中学の時には剣道の大会に出て強いやつらと戦ったりもしたし、高校入ってからは地元じゃ敵なしだったからな。
それに、なによりも親父とか婆ちゃんとかが喜んでくれたんだよ」
「……それで、ずっと続けていたんですか?」
修一は手の中のパンを全て口の中に押し込むと、お茶ごと流し込み、口を拭った。
「お前には才能がある、とか言われたら子供心に嬉しかったんだよ。そういうのって、理解できないかな?」
はにかむようにして問い掛ける修一。
ノーラは、首を横に振った。
「……いえ、私も幼いころに勉強をしていて、よく出来ましたと言って母が笑顔で褒めてくれるのがとても喜ばしかったです。

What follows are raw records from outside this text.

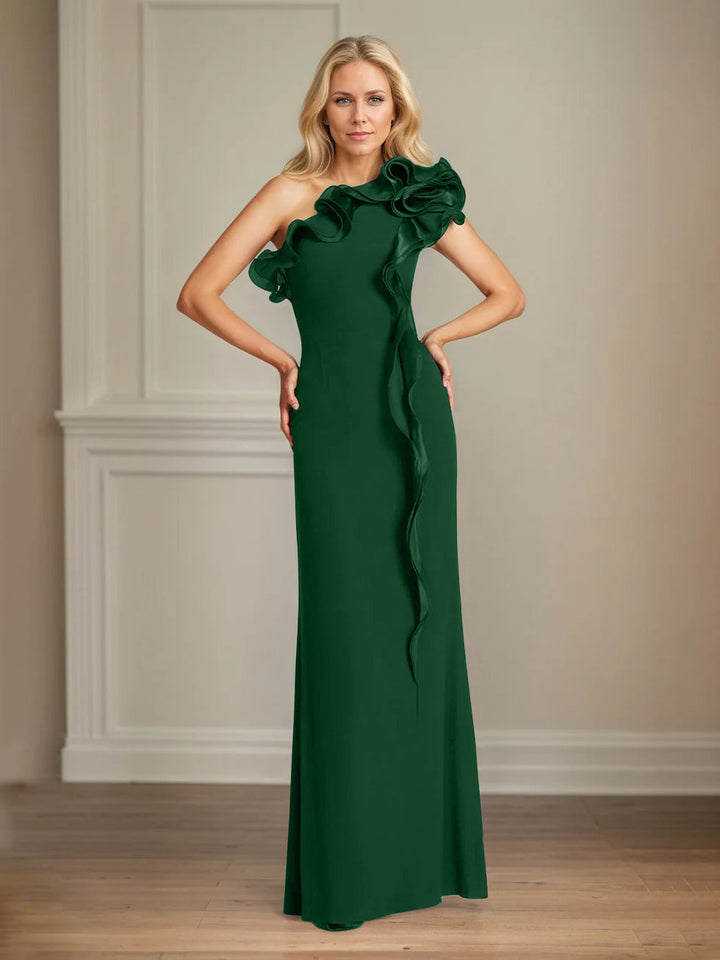 Navy Stretch Crepe One-Shoulder Sheath Dress with Ruffles – Floor-Length Mother of the Bride Gown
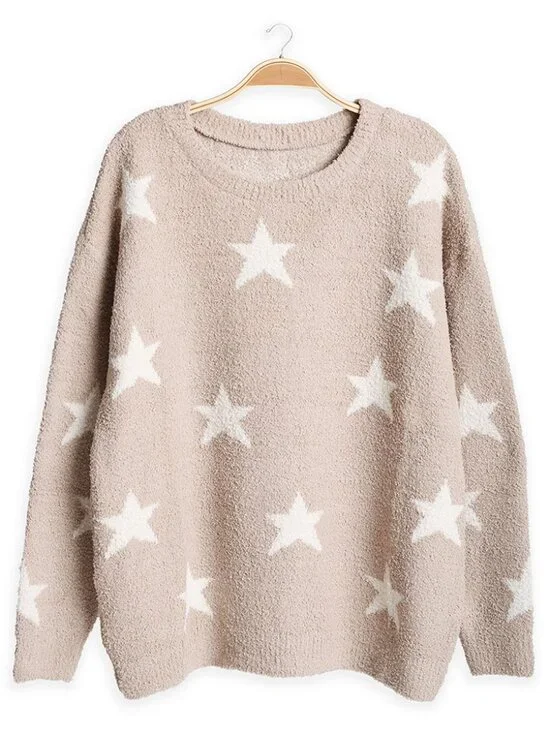 Star Pattern Crew Neck Sweater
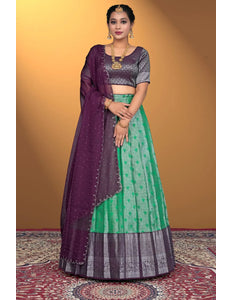 Green Banarasi Silk Latest Lehenga Choli With Zari Work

……今まで勉強を続けることが出来たのは、きっと母のおかげです」
ノーラは、自然と母の笑顔を思い浮かべていた。
自分が留学すると言ったとき、母は同じ笑顔で送り出してくれたのだ。
「それに、全くの無駄ではなかったからな。親友のピンチを救ったこともあるし、街の問題を解決したこともある。そんで今は……」
修一は、そこまで言って悪戯小僧のように笑った。
「ノーラを守ることが出来たからな」
「!!」
ノーラは、一瞬驚いたように目を丸くする。
それから。
「……そうですね」
修一と同じように、笑顔を浮かべた。
ふわりとした、見る者を和ませるような笑顔だった。
「はあ、やっと笑顔になってくれたか」
「ふふ、ありがとうございます」
笑顔のままお礼を述べるノーラ。
修一は、照れたようにそっぽを向いた。
なんとなく、気恥ずかしそうにしている。
「あいあい。それじゃあ、もう少ししたら出発しようぜ」
「はい、そうですね」
その後山道を下り続けた二人は、夕方ころには平地に戻り、遠くに薄っすらと見える町の明かりを見ながら野宿をしたのだった。